Other factors which contributed to the lower growth were the restrictions imposed by local governments on issue of license plates for newly purchased vehicles and for used vehicles transferred from other cities, the ending of the 3,000 yuan ($455) subsidy for energy saving cars and dwindling overseas demand for Chinese exports.
Growth in the sales of passenger vehicles slowed continuously during the first eight months and even flattened in August. However, tax incentives introduced for purchase of smaller-engine vehicles in September helped kick-start the moribund sales, it said.
Dong Yang, executive vice-president of CAAM, said: "Sales of 1.6-liter and lesser category passenger vehicles surged in the fourth quarter. This demonstrates the continued strong demand for passenger cars. We expect the momentum to continue, as long as fresh policies do not crimp growth," he said.
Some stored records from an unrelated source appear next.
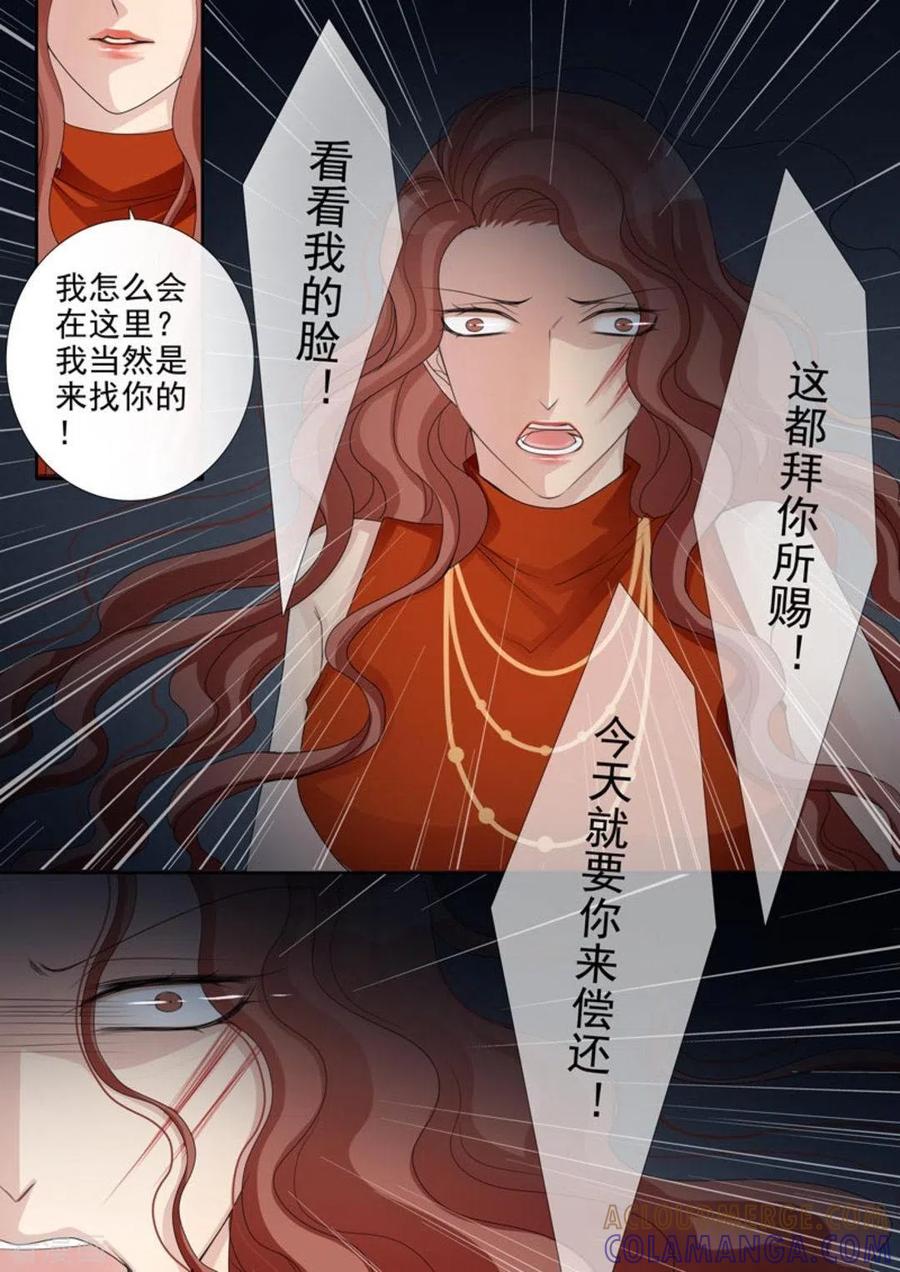 第48话-天才萌宝一加一-咪咕阅读（第7张）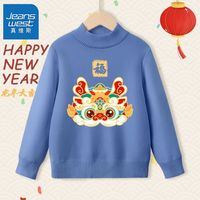 真维斯儿童红色新年款毛衣冬季男童内搭保暖上衣女童拜年服针织衫 【毛衣dT柔软Niar5】Ni30 110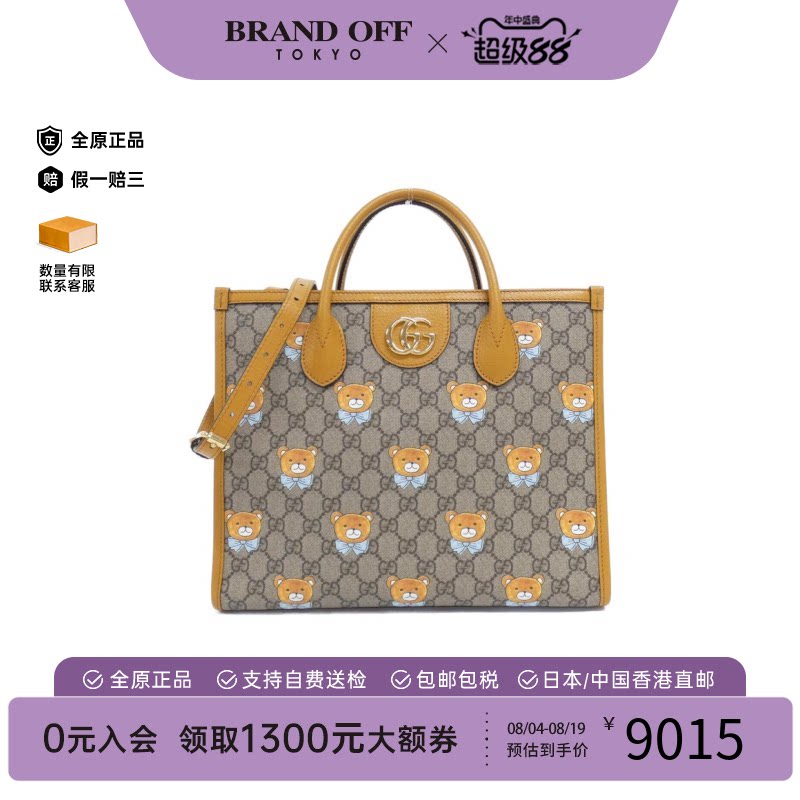 中古GUCCI古驰女包斜挎包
Sports Utility Vehicles continued to be the mainstay of the industry and accounted for 25.2 percent of the total automobile sales last year. SUV sales topped 6.2 million units, a 52.4 percent growth over the corresponding period in 2014. Sales of Multiple Purpose Vehicles grew 10 percent, but that of sedans, hatchbacks and vans dropped, the CAAM report said.
Dong said: "Sales of imported cars and luxury cars dropped significantly due to the ongoing austerity measures and the graft crackdown."
Among foreign brands, Mercedes-Benz was one of the brands that clocked excellent sales in the premium segment. This was fueled by the launch of 14 locally produced and imported models, including GLA, GLC and GLE SUVs. The brand had annual sales of over 363,000 units and a growth rate of 35 percent last year in China.
Wu Song, general manager of GAC Motor Co, a Chinese carmaker based in Guangdong province, said the overall market slowdown would provide more opportunities for domestic carmakers.
"We don't see the current slowdown as a grim situation for domestic carmakers. There is still huge potential for growth through self-innovation and development," he said.
The company, a division of Guangzhou Automotive Group, sold more than 190,000 units in 2015, a year-on-year growth of 63 percent, thanks to the launch of a series of self-developed vehicles.
According to Wu, the company will launch more varieties this year to meet the growing demand for high-end cars and more units would be exported to the Middle East, a market focusing on luxury brands.
"Boosting global presence would help increase Chinese brands and create a new era for domestic cars," Wu said.